The US could already be miscalculating by suggesting a Russian supply-shutoff to Europe is “unrealistic”. First, it happened twice before, though indirectly and for different reasons. Second, this time President Putin could use it strategically in an attempt to drive a wedge between the US and the EU depending on how far the latter is willing to go in terms of joining the US in tightening the screws on Russia.
However, debilitating the Alliance by undercutting EU-US relations could also come about ‘indirectly’ with acts of pipeline sabotage enacted during military skirmishes – at a minimum – on Ukrainian soil. In that case, President Putin would have plausible deniability following the currently applied logic that there are supposedly no Russian soldiers in the Eastern Ukraine. Note, this ‘indirect act’ would be crucial for Gazprom to avoid contractual penalties imposed by European gas consumers whose supplies would be disrupted. Gazprom could ostensibly invoke “force majeure”. Moreover, it could be argued that less prosperous societies tend to absorb prohibitive costs better than wealthier democratic societies because the latter would have to adjust their respective standard of living downward and are unlikely to be willing to do so.
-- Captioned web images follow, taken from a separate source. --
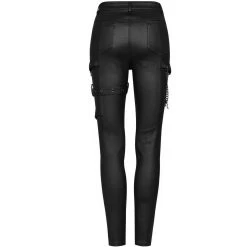 PUNK RAVE Pantalon 'Dark Doll' Noir -ALCHEMY GOTHIC shop pantalon dark doll noir 12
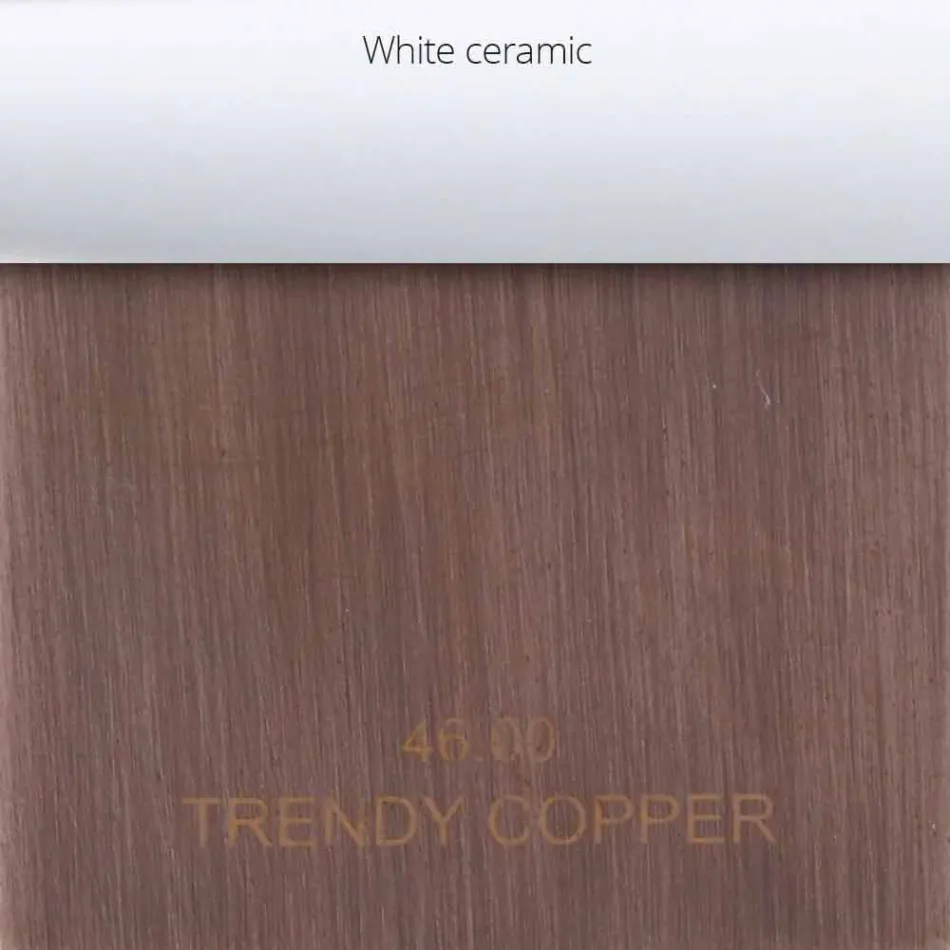 Klassischer Mischer für Bodenbadewanne aus Messing Made in Italy - Panico Viadurini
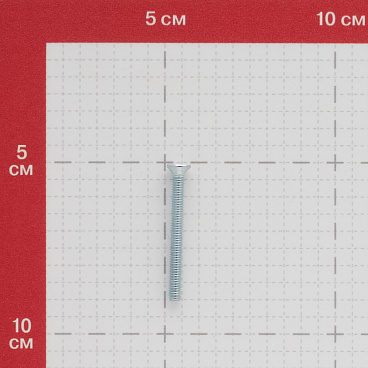 Винт оцинкованный M4x40 мм DIN 965 потайная головка (9 шт.)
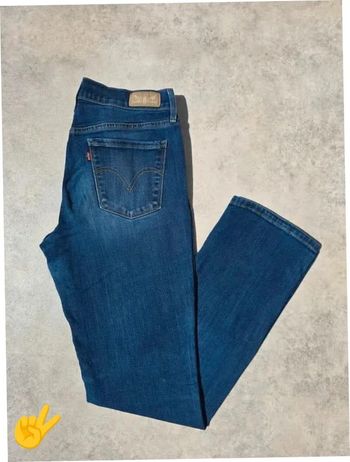 Jean Levi's 505 W28|FR38 L32 coupe droite marine Femme-Women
Eastern Europe is front and center in another potential US miscalculation. Former US Ambassador to NATO Daalder assumes the Ukraine crisis will bring the US and Europe closer together. However, frictions – potentially even within the EU – are already on the horizon. This brings back unpleasant memories of 2003, when then US Secretary of Defense Donald Rumsfeld addressed EU foreign policy weaknesses with regard to internal European division over the use of force in Iraq. He distinguished between “old” Europe (i.e. Germany) and “new” Europe (i.e. formerly communist, Eastern European countries such as Poland). In today’s geopolitical world, energy security remains an integral part of foreign policy as countries scramble to lock up long-term supplies of natural resources at low prices. The standoff with Russia over its actions in Ukraine could illustrate the “old” versus “new” European distinction remains valid, particularly in the energy space. It is important to note that before meeting German Chancellor Angela Merkel in March, Polish Prime Minister Donald Tusk told a news conference the following according to Reuters:
“Germany’s dependence on Russian gas may effectively decrease Europe’s sovereignty. (…) Increasingly more expensive energy in Europe due to exorbitant climate and environmental ambitions may also mean greater dependence in Russian energy sources. (…) The question of Ukraine is a question of EU’s future, EU’s safety, and a correction of EU’s energy policy.”